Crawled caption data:
____________________
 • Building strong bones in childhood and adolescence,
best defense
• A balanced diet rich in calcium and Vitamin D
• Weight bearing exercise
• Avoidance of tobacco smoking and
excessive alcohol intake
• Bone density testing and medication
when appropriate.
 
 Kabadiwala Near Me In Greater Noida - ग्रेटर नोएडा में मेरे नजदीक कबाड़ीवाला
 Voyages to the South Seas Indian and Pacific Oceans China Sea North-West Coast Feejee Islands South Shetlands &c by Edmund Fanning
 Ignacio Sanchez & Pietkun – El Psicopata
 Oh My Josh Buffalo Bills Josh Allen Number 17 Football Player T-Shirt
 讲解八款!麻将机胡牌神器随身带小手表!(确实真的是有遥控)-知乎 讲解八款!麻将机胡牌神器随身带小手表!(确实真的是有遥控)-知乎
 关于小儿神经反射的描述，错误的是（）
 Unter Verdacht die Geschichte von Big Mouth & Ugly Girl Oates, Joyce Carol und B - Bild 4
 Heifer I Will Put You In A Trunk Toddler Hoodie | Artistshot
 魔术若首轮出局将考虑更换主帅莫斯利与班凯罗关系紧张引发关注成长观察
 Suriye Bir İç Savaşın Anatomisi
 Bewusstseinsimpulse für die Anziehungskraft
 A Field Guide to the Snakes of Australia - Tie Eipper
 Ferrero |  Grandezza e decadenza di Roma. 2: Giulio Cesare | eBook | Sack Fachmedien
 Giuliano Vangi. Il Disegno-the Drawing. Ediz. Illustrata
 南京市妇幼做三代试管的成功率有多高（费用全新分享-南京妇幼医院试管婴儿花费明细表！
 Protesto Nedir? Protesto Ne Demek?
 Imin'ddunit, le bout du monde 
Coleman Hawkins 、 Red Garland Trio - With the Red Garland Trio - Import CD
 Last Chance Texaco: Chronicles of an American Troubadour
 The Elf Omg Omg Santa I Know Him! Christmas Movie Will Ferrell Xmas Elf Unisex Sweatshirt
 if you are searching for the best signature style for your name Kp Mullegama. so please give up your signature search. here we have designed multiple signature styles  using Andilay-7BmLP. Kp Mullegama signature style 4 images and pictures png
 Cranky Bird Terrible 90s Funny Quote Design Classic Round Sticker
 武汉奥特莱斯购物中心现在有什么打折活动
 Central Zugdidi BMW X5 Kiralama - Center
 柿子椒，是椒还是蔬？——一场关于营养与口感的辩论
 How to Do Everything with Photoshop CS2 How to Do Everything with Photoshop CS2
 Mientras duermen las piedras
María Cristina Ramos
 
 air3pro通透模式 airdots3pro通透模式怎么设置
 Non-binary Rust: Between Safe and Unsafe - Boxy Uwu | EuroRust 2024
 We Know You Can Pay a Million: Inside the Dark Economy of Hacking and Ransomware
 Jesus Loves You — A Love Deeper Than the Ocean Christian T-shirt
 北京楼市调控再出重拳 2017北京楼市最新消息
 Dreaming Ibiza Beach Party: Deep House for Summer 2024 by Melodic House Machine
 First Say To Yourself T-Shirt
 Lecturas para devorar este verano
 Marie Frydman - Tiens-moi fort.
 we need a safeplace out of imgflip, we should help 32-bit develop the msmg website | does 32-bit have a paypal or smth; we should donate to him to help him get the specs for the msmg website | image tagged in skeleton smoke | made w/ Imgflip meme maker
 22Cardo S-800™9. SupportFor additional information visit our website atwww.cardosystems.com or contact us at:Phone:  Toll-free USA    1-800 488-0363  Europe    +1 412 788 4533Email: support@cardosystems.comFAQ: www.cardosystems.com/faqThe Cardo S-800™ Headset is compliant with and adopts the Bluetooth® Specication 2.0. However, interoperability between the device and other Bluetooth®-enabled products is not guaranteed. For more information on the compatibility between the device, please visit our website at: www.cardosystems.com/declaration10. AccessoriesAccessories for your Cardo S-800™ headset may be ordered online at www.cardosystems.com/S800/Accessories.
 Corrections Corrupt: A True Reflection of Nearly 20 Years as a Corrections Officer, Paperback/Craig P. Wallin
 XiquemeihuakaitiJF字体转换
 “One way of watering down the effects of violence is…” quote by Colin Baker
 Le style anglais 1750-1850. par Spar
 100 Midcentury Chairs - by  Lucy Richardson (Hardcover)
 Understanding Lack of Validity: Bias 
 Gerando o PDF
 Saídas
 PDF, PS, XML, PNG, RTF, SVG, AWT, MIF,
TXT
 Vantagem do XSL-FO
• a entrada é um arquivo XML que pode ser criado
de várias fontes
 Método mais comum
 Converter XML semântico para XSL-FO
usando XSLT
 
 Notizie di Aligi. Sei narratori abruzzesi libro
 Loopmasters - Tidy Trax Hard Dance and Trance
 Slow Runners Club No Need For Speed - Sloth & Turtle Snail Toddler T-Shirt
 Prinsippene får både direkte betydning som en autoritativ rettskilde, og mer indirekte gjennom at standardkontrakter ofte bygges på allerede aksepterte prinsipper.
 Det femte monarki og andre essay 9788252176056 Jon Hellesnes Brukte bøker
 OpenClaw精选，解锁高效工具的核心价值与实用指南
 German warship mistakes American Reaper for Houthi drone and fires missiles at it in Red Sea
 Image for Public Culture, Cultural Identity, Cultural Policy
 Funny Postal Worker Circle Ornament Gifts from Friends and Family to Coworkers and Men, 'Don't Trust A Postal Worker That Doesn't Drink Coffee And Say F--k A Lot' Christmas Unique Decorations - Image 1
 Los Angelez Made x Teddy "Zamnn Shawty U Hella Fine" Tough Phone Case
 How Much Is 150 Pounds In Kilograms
____________________
YOUR OBJECTIVE: Your answer should be every line above that contains the word "Funny".

ANSWER BELOW:
 Cranky Bird Terrible 90s Funny Quote Design Classic Round Sticker
 Funny Postal Worker Circle Ornament Gifts from Friends and Family to Coworkers and Men, 'Don't Trust A Postal Worker That Doesn't Drink Coffee And Say F--k A Lot' Christmas Unique Decorations - Image 1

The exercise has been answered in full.